Task description>
Starting at the first line of the listing below, retype each line up to and including the one that contains "Relaxing screened patio". Leave pictures out.

Source material>

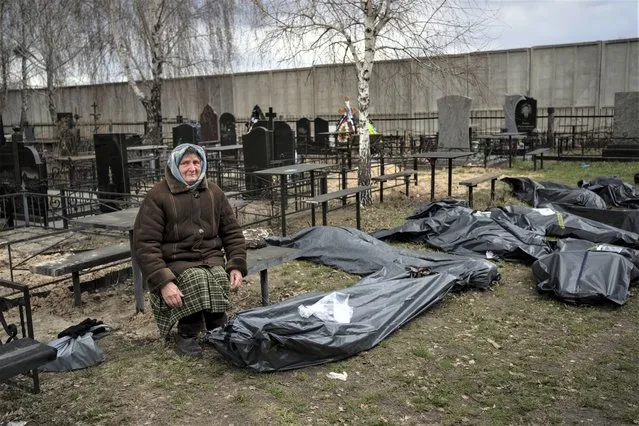 Nadiya Trubchaninova, 70, sits next to a plastic bag that contains the body of her son Vadym Trubchaninov, 48, who was killed by Russian soldiers in Bucha on March 30, in the outskirts of Kyiv, Ukraine, Tuesday, April 12, 2022. (Photo by Rodrigo Abd/AP Photo)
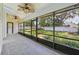 Relaxing screened patio featuring tile floors, ceiling fans, and view of backyard at 216 Shady Oaks Cir, Lake Mary, FL 32746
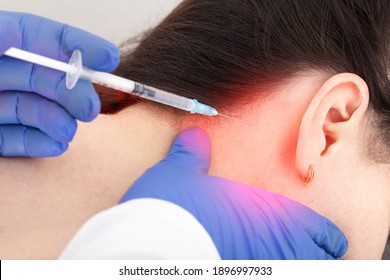 An Otolaryngologist Performs A BTE Blockade On A Patient With Pain Medication For Ear Disease. Tinnitus And Vertigo Treatment Concept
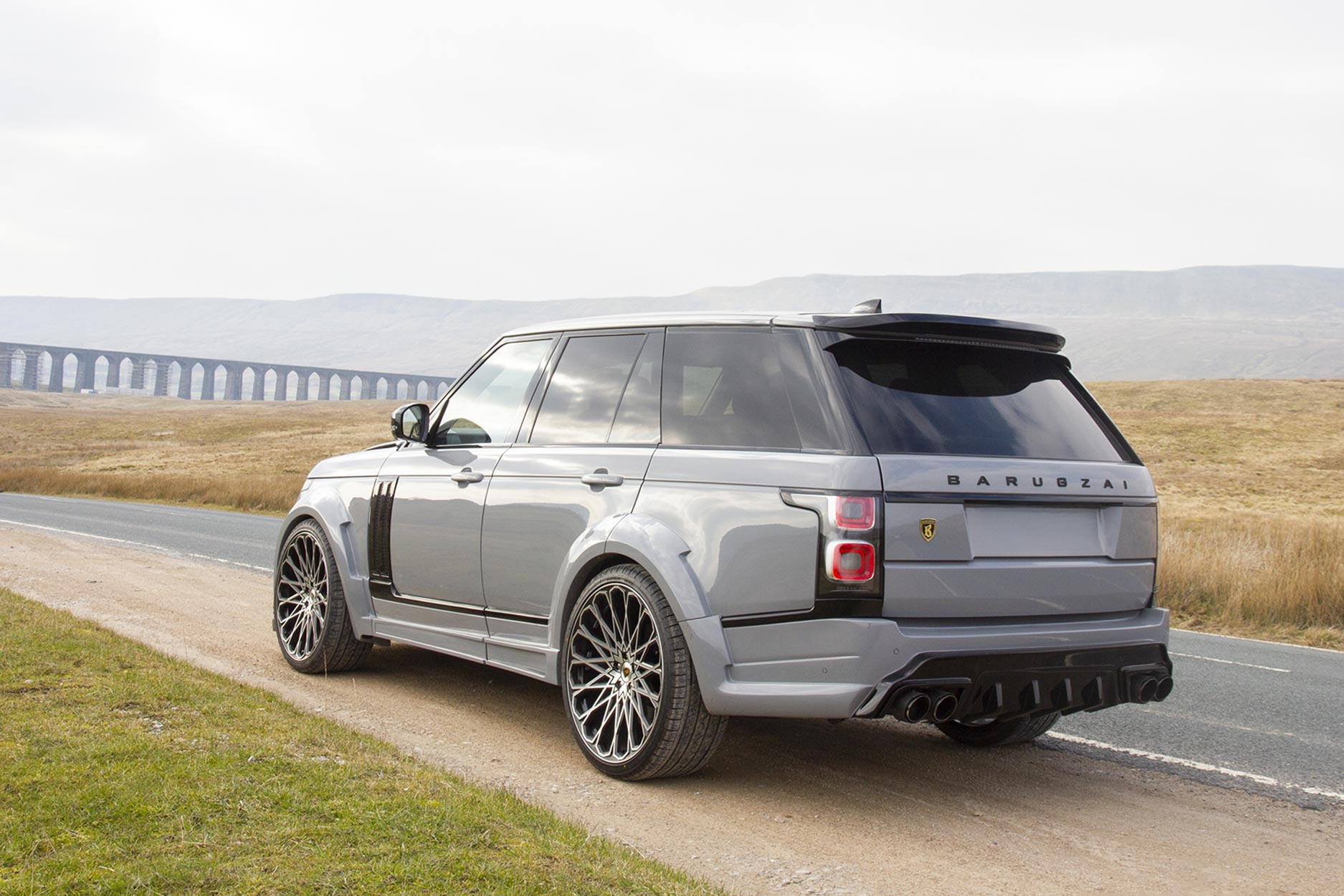 Rear quarter view of a Nardo Grey Range Rover Sport L405 2018-2021. Shot outside a Via Duct. Fitted with Barugzai Majestic 24” alloy wheels, in Gloss Black Polished Face.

Output for this task>
 Nadiya Trubchaninova, 70, sits next to a plastic bag that contains the body of her son Vadym Trubchaninov, 48, who was killed by Russian soldiers in Bucha on March 30, in the outskirts of Kyiv, Ukraine, Tuesday, April 12, 2022. (Photo by Rodrigo Abd/AP Photo)
 Relaxing screened patio featuring tile floors, ceiling fans, and view of backyard at 216 Shady Oaks Cir, Lake Mary, FL 32746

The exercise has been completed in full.